- Task statement
Somewhere below is a line with "Maisons de tisserands" and, later, a line with "Innovations Catalogue Winter"; repeat those two lines and all the lines between them, exactly as they are.

(Short descriptive text snippets)
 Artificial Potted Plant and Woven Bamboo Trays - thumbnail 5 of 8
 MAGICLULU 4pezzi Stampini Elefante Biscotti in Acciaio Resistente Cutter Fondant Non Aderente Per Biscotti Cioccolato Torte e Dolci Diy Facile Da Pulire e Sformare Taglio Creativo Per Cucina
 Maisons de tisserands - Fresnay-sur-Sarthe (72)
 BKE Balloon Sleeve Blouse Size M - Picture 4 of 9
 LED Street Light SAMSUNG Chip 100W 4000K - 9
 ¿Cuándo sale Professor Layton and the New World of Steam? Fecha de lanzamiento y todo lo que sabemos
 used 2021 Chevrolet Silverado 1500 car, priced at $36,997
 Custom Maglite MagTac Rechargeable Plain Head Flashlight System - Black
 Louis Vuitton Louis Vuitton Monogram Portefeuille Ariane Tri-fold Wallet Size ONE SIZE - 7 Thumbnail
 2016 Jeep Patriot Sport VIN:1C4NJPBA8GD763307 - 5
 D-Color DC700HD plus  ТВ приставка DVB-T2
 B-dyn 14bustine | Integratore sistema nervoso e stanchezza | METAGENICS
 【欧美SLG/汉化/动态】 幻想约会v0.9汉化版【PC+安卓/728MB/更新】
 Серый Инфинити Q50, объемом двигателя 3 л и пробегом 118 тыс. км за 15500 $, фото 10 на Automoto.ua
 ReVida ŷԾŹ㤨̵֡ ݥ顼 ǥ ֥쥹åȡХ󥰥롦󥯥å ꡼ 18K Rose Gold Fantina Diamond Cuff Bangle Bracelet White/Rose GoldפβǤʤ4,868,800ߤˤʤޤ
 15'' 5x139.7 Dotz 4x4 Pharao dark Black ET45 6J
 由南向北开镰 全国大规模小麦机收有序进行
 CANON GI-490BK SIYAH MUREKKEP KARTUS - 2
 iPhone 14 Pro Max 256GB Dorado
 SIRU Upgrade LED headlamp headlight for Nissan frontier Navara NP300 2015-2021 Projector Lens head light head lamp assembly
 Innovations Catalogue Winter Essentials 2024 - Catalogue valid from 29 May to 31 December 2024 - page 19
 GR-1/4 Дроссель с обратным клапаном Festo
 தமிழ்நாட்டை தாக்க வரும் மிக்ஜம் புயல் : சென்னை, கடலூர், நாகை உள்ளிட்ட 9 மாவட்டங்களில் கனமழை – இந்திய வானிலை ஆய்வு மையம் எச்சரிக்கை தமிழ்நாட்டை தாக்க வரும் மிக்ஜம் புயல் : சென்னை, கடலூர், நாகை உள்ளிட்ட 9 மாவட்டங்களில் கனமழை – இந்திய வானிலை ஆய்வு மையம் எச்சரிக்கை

- Response box
 Maisons de tisserands - Fresnay-sur-Sarthe (72)
 BKE Balloon Sleeve Blouse Size M - Picture 4 of 9
 LED Street Light SAMSUNG Chip 100W 4000K - 9
 ¿Cuándo sale Professor Layton and the New World of Steam? Fecha de lanzamiento y todo lo que sabemos
 used 2021 Chevrolet Silverado 1500 car, priced at $36,997
 Custom Maglite MagTac Rechargeable Plain Head Flashlight System - Black
 Louis Vuitton Louis Vuitton Monogram Portefeuille Ariane Tri-fold Wallet Size ONE SIZE - 7 Thumbnail
 2016 Jeep Patriot Sport VIN:1C4NJPBA8GD763307 - 5
 D-Color DC700HD plus  ТВ приставка DVB-T2
 B-dyn 14bustine | Integratore sistema nervoso e stanchezza | METAGENICS
 【欧美SLG/汉化/动态】 幻想约会v0.9汉化版【PC+安卓/728MB/更新】
 Серый Инфинити Q50, объемом двигателя 3 л и пробегом 118 тыс. км за 15500 $, фото 10 на Automoto.ua
 ReVida ŷԾŹ㤨̵֡ ݥ顼 ǥ ֥쥹åȡХ󥰥롦󥯥å ꡼ 18K Rose Gold Fantina Diamond Cuff Bangle Bracelet White/Rose GoldפβǤʤ4,868,800ߤˤʤޤ
 15'' 5x139.7 Dotz 4x4 Pharao dark Black ET45 6J
 由南向北开镰 全国大规模小麦机收有序进行
 CANON GI-490BK SIYAH MUREKKEP KARTUS - 2
 iPhone 14 Pro Max 256GB Dorado
 SIRU Upgrade LED headlamp headlight for Nissan frontier Navara NP300 2015-2021 Projector Lens head light head lamp assembly
 Innovations Catalogue Winter Essentials 2024 - Catalogue valid from 29 May to 31 December 2024 - page 19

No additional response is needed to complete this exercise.